Work task>
The reply should contain only the lines from the start of the records through the line with "de alto nivel", reproduced verbatim and without pictures.

(Input material begins)

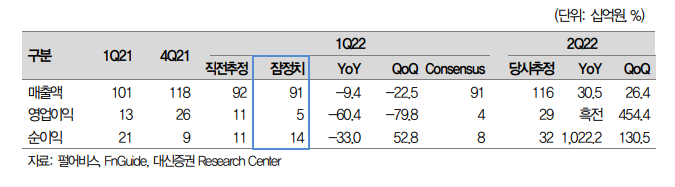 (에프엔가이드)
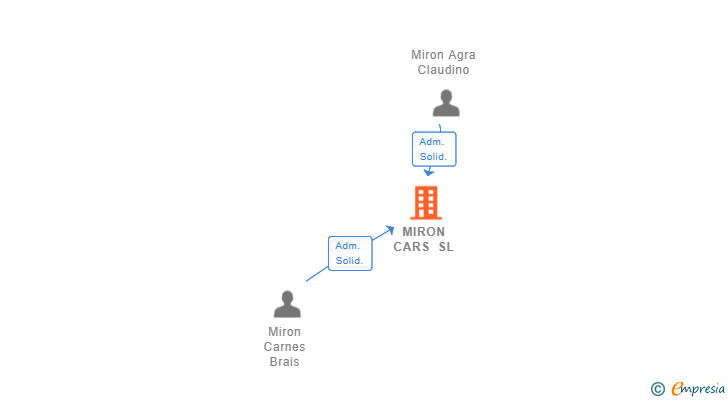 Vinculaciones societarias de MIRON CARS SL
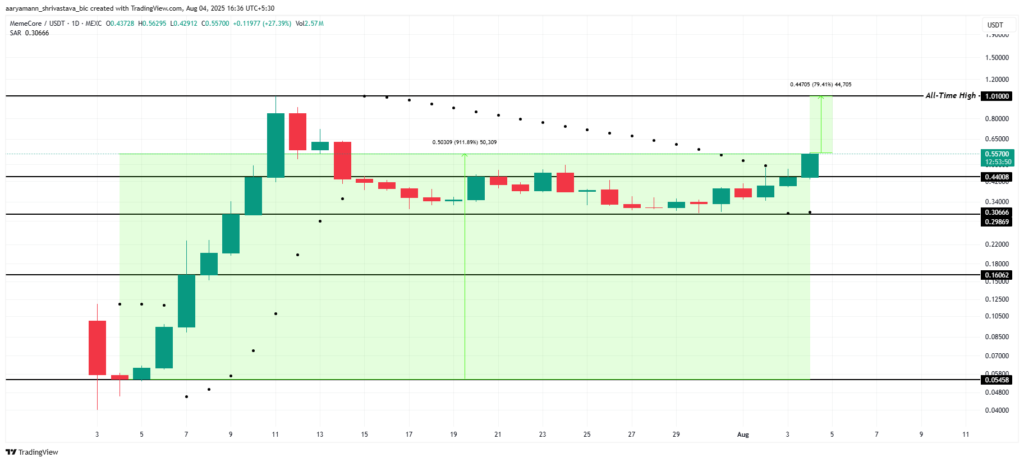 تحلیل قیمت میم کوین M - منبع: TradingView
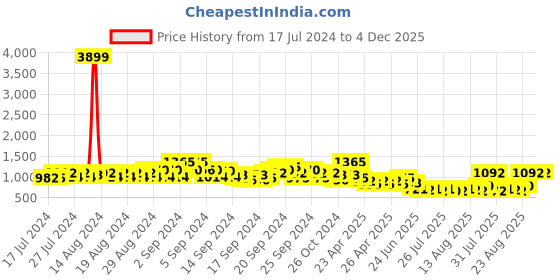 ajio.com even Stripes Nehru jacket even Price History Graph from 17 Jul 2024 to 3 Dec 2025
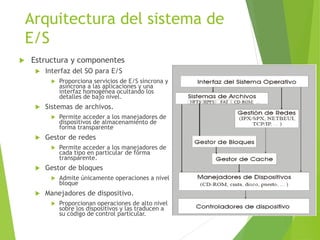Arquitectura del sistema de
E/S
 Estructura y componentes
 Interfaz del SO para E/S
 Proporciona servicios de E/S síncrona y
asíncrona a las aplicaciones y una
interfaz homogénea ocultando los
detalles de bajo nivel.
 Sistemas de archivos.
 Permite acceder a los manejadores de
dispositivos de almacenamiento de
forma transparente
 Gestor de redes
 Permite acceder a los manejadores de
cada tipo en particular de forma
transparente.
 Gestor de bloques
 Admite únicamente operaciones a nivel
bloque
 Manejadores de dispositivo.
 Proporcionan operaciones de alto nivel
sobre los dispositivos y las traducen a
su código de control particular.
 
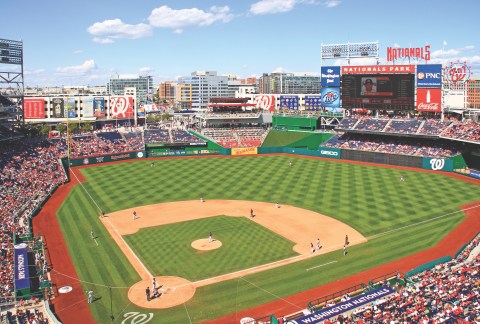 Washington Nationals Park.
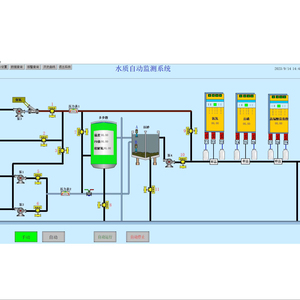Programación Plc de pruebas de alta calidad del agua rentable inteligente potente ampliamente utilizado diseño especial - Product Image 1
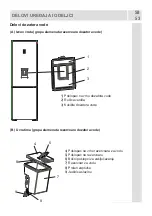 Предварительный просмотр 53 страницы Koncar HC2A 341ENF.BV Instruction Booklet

(Input material ends)

Response to the exercise>
 (에프엔가이드)
 Vinculaciones societarias de MIRON CARS SL
 تحلیل قیمت میم کوین M - منبع: TradingView
 ajio.com even Stripes Nehru jacket even Price History Graph from 17 Jul 2024 to 3 Dec 2025
Arquitectura del sistema de
E/S
 Estructura y componentes
 Interfaz del SO para E/S
 Proporciona servicios de E/S síncrona y
asíncrona a las aplicaciones y una
interfaz homogénea ocultando los
detalles de bajo nivel.
 Sistemas de archivos.
 Permite acceder a los manejadores de
dispositivos de almacenamiento de
forma transparente
 Gestor de redes
 Permite acceder a los manejadores de
cada tipo en particular de forma
transparente.
 Gestor de bloques
 Admite únicamente operaciones a nivel
bloque
 Manejadores de dispositivo.
 Proporcionan operaciones de alto nivel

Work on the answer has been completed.